-- DATA UNDER STUDY follows --

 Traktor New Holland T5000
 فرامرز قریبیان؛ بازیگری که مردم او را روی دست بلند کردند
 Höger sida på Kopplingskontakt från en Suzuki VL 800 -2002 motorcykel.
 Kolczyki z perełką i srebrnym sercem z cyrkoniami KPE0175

-- DATA UNDER STUDY concluded --
-- DATA UNDER STUDY follows --

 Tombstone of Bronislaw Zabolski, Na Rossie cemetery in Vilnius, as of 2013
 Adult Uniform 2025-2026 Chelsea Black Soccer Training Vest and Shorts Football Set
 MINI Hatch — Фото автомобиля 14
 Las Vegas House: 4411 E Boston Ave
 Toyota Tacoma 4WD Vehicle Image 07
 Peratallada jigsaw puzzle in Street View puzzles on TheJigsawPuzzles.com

-- DATA UNDER STUDY concluded --

* WHAT YOU NEED TO DO:
Every line above from the line with "Traktor New Holland T5000" to the line with "Kolczyki z perełką", both included, must be reproduced exactly, and no other line may appear.

* RESULT OF THE EXERCISE:
 Traktor New Holland T5000
 فرامرز قریبیان؛ بازیگری که مردم او را روی دست بلند کردند
 Höger sida på Kopplingskontakt från en Suzuki VL 800 -2002 motorcykel.
 Kolczyki z perełką i srebrnym sercem z cyrkoniami KPE0175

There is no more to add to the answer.